木曽地方の伝統食「すんき」 温暖化で漬ける時期遅く
赤カブの葉を乳酸発酵させて作る木曽地方の冬の伝統食「すんき」を漬ける時期が、近年遅くなっている。地球温暖化の影響か、すんき作りの合図となる降霜が遅くなっている上、低温が続かない年が多く、発酵の管理にも苦労しているためだ。気候と経験を頼りに作るスローフードの生産は年々難しくなっているようだ。
「すんき」は赤カブの葉を湯通しし、一昼夜ほど保温して乳酸発酵させた後、低温下で保存する。「葉の甘みが増す」という降霜を待って漬けはじめ、降雪前に漬け終わる。10月から12月上旬までに漬けていたが、近年は日程が後ろ倒しになってきた。
昨年のすんきコンクールで「名人」になった木曽郡王滝村の生産グループ「ひまわりマーケットすんきの里」は今シーズン、霜が降りた昨年10月末に漬け始めたが、その後は暖かい日が続き、作業が進まなかった。

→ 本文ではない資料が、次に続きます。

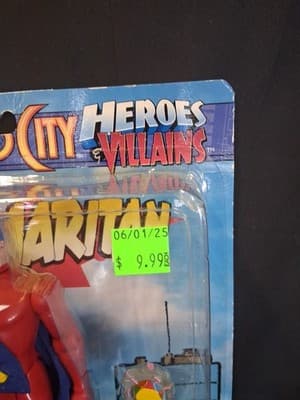 1998 ZJ Toys ASTRO CITY comic 6" SAMARITAN st work VTG action figure UNOPENED - Thumbnail 3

「以前は11月に一気に作ったが、ここ数年は様子を見ながら少しずつ作っている」と五味沢ミチ子代表(66)。最初に「種」になるすんきを作る会員の家でも「家の中でできるだけ寒い場所を探さないといけなくなった」という。
木曽すんき研究会の北川聰会長(74)=木祖村=によると、気温が高いと乳酸菌以外の雑菌の活動が活発になり、うまく発酵しないという。生産を始めて5シーズン目となる「みたけグルメ工房」(木曽町三岳)の西尾礼子組合長(67)も「今シーズンは2回失敗した」。10月下旬と11月2日に漬けた分はうまくいかず、成功したのは11月10日以降だったという。
漬け終わりの時期も遅くなっている。みたけグルメ工房では前季より11日遅い12月15日。生産量は増えたが、一緒に収穫するカブが育ちすぎ、甘酢漬けなどの加工に向かなくなるといった問題も出てきている。
気象庁の地域気象観測システム(アメダス)が観測した10月の日最低気温の平均を調べると、1998年から2007年の10年平均は、88年-97年の平均より木曽福島、開田高原とも1・5度上昇。通年より上昇幅も大きく、すんきづくりに影響を与えていそうだ。
すんき作りは慣れた人でも気温の変動を見誤ると失敗するといい、昔から農家では赤カブの種をまく時期をずらし、漬ける時期と収穫時期を合わせてきた。そうした工夫は一層必要になりそうだ。「ふるさと体験館きそふくしま」(木曽町)ですんき教室を開く「ふるさと交流木曽」の野口広子常務理事(57)は「来季は種をまく時期を一週間ほど遅らせることも考えたい」と話している。